Welcome back, SFML enthusiasts! This article is a follow-up to my previous deep dive into my fork of SFML.
If you want to know how I managed to draw 500k sf::Sprite
objects at over ~60FPS compared to upstream’s ~3FPS, keep on reading!
Here, we’ll explore two new significant features in my fork:
A batching system that works with every SFML drawable
Simplification of core SFML APIs to aggregates, including
sf::Transformable
These enhancements aim to improve performance and simplify usage for developers working with SFML.
drawable batching
Let’s talk about a long-standing problem with upstream SFML: it has always issued one draw call per drawable object (sometimes even two1).
That means that drawing 1000 sf::Sprite
objects will bombard the GPU with 1000 separate draw calls.
This approach doesn’t scale well, forcing users to resort to lower-level primitives for performance-critical features like particle systems or games with a large number of active entities.
It’s no surprise that batching in SFML has been on the community wish list for ages2. There have been a few solid attempts to implement it, but they never made it into the main codebase. Two notable pull requests (PR #1802 and PR #2166) showcase these efforts. In my opinion, the first one was going in the right direction, while the second one is a bit too complicated.
the texture dilemma
The main stumbling block in previous attempts was dealing with drawables sporting different textures. Those proposed batching systems tried to solve the issue by sorting the drawables by texture, which would mess up the original drawing order and complicate their internals.

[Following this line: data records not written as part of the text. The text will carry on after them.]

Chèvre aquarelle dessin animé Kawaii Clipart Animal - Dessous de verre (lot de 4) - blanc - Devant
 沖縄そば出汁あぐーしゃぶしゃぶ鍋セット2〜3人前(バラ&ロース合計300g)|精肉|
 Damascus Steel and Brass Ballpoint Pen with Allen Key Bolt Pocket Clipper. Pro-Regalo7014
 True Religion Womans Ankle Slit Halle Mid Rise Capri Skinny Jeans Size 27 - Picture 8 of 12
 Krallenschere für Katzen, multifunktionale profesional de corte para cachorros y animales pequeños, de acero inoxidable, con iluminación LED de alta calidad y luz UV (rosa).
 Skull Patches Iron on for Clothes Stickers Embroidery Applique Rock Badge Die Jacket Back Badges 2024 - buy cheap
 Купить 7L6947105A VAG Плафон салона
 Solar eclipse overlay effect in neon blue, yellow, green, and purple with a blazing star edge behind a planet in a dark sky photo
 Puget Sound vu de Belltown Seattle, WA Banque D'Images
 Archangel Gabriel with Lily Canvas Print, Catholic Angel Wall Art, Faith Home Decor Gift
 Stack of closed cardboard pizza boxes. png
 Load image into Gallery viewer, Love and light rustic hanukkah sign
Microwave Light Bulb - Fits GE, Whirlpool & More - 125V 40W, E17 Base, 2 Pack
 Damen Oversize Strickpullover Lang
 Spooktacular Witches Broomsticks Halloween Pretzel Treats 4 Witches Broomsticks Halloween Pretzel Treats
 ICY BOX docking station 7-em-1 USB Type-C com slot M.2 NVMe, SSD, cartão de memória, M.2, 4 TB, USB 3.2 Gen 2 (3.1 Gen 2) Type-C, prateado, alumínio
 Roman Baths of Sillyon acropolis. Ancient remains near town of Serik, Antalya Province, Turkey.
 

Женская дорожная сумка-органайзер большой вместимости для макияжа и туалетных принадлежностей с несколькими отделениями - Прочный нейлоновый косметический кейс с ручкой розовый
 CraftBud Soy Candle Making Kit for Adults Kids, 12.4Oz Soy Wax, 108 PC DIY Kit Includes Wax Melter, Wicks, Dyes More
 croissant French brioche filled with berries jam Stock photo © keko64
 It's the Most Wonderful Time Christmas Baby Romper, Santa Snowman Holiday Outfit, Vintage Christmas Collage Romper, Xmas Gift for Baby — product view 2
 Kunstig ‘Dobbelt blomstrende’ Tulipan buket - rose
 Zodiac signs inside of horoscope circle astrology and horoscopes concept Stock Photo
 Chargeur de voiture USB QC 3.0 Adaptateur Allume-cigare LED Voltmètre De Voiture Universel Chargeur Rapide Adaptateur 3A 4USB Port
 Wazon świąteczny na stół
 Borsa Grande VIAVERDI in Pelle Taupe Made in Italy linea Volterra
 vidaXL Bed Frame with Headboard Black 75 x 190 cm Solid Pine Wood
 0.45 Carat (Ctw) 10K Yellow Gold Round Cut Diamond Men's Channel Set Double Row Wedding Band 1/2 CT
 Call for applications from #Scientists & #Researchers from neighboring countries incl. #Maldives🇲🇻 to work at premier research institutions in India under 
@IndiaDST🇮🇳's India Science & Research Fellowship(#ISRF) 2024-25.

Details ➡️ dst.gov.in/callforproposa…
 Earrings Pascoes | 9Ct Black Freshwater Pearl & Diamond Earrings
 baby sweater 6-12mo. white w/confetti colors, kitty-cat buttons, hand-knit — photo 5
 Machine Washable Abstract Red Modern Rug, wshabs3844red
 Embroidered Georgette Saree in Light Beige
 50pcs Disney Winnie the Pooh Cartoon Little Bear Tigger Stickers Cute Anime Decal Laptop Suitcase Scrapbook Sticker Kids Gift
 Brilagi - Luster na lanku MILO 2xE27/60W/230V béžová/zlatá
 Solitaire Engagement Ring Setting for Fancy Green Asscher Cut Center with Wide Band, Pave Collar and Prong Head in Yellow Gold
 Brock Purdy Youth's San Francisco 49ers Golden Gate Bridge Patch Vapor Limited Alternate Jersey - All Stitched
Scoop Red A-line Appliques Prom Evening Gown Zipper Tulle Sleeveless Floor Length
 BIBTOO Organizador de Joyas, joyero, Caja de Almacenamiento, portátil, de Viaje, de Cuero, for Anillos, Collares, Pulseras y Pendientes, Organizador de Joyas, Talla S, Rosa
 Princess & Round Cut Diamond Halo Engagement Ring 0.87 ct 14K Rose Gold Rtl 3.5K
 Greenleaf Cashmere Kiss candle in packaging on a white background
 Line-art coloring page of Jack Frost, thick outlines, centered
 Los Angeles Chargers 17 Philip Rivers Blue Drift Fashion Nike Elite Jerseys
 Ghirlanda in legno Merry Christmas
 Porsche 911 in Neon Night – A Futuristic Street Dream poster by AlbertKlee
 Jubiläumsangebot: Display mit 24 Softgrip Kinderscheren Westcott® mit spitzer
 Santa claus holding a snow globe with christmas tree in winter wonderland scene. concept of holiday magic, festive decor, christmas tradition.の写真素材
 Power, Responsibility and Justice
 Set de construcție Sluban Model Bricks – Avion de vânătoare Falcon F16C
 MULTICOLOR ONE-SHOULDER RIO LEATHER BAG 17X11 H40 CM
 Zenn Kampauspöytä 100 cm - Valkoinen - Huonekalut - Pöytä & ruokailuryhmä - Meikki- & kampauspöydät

I decided to work around this issue rather than trying to solve it directly.
Users can now easily create a texture atlas on the fly by adding textures to the atlas one by one, and they will be internally packed3. This solution significantly simplifies the design of a batching system. Enter the sf::TextureAtlas
class:
// Create a 1024x1024 empty texture atlas
sf::TextureAtlas atlas{sf::Texture::create({1024u, 1024u}).value()};
// Load an image of a cat from file
const auto catImage = sf::Image::loadFromFile("cat.png").value();
// Add the cat image to the texture atlas
// The returned rectangle is where the image lives in the atlas
const sf::FloatRect catRect = atlas.add(catImage).value();
// Fonts can also be associated with a texture atlas
// Glyphs are dynamically loaded on demand into the atlas
const auto fontTuffy = sf::Font::openFromFile("tuffy.ttf", &atlas).value();
// Example: drawing a sprite associated with a texture atlas
sf::Sprite catSprite{catRect};
someRenderTarget.draw(catSprite, atlas.getTexture());
batches are drawable
I realized that the most natural API for a batching system should draw an arbitrary number of drawables under the same sf::RenderStates
, which notably stores a single sf::Texture*
. While this would be a significant limitation if sf::TextureAtlas
didn’t exist, it’s now not a big deal.
That observation also implies that drawable batches are “normal” drawables themselves!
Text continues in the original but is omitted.